Flagship phones used to be the real deal in the past — with all the features manufacturers pass off as innovation to a new device and the hype that comes with it.
To a large extent, most people who buy flagships sometimes want a device that works, wants the best or just wants to display a status symbol.
In addition, smartphone consumers primarily use their devices to access social media, send emails, take pictures, browse the web, play games, and the send the usual messaging — In 99% of cases, a midrange phone will provide this basic experience as a flagship.
Regardless, some game-changing features were exclusive to only flagships, but in 2021 they’ve found their way to many midrange devices.
For example, most midrange phones in 2021 come with a glass back [likely to have gorilla glass] compared to the all-plastic body manufacturers offered in the past.
One thing I’ve come to realize is flagship features over the years turn to trickle down to the budget and midrange smartphone category.
Consumers spend a huge sum of money on a flagship smartphone and after a year or two it turns out to wrestle with a budget or midrange phone.
The in-display fingerprint sensor used to be exclusive to only flagship phones, however, it is presently a feature that is found in most midrange devices in 2021.
A few years ago a flagship phone referred to a phone with better battery life, quality camera, nice display, good connectivity, and could stand the test of time.

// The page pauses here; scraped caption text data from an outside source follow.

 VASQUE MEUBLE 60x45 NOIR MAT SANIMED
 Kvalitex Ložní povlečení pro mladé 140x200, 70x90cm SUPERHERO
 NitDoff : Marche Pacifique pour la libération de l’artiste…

These features are no more associated with “only” flagships anymore.
It is as if there’s equally a midrange phone in every flagship category that can match it in terms of features and overall build quality.
The iPhone 12 Pro is undoubtedly a great phone, but no one can convince me that it takes better pictures or runs smoother than the midrange Google Pixel 4a — therefore spending $1000 on the iPhone 12 Pro means you’re just paying for the brand.

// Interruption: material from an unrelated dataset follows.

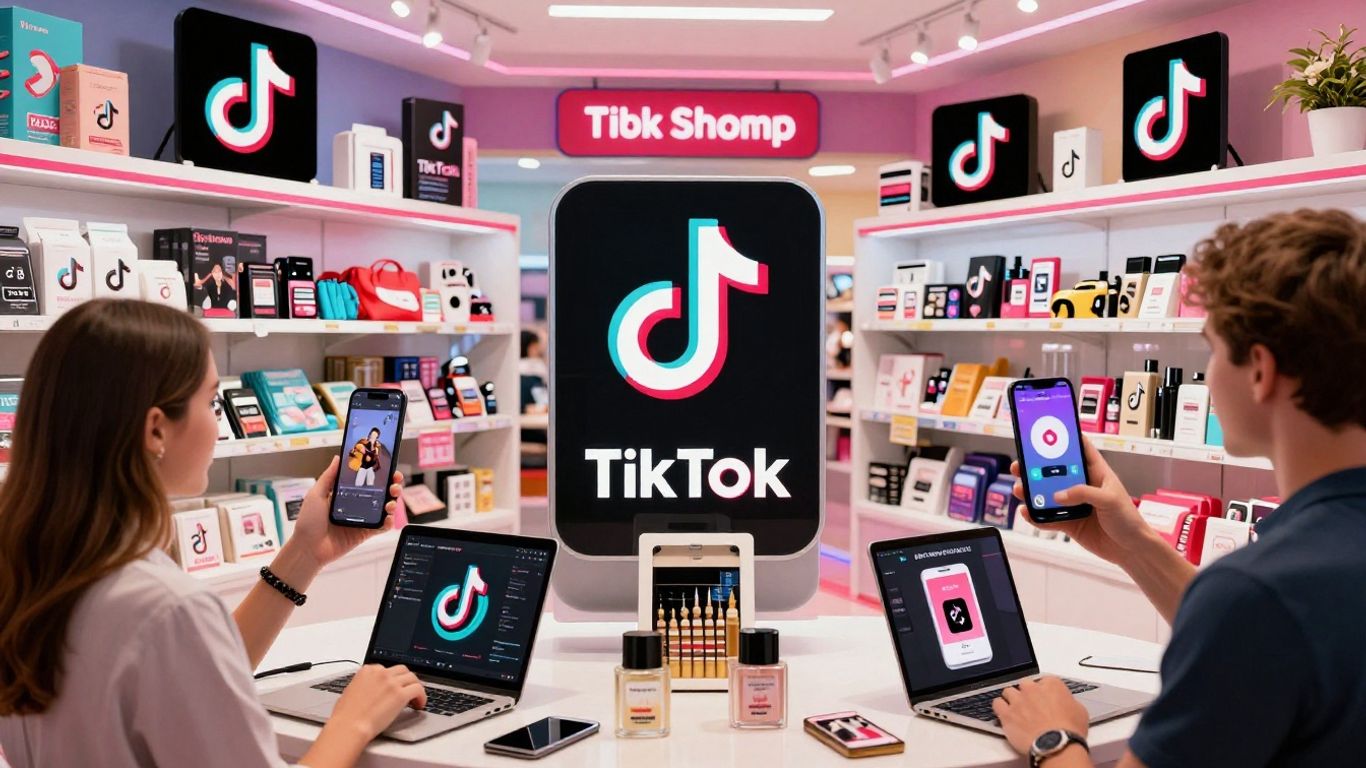 TikTok Shop growth and expansion visual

That fact remains that in 2021, the best smartphone battery life is housed in midrange phones.
So, what is the essence of spending $1000 on a flagship phone with a 120Hz refresh rate, which can’t be turned on because it’ll drain the battery? it does not make sense to do that if you worked hard for your money.

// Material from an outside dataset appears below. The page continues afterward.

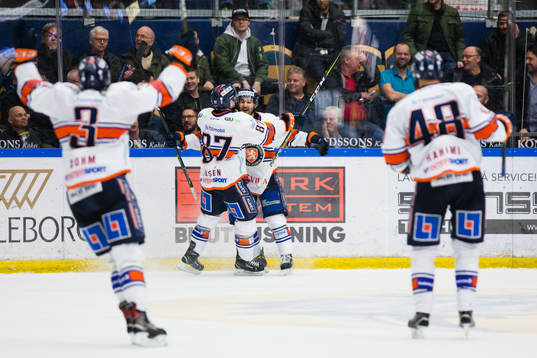Växjös Tuomas Kiiskinen, Oliver Bohm, Robert Rosén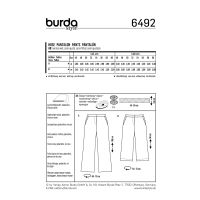 Tipar pantaloni 6492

Mobile phones have become really powerful to the extent that it has forced many to use their laptops less. Nonetheless, mobile manufacturers in the 21st century produce devices that take care of basic needs regardless of it being flagship or midrange.
It is also important to keep in mind that smartphones, in general, are depreciating assets — what this means is with time they lose money.
You asked yourself before you purchase a flagship phone, what you’re going to use it for. Your need should influence your decision because a good buy is a buy that leaves you with no regrets and puts a smile on your face.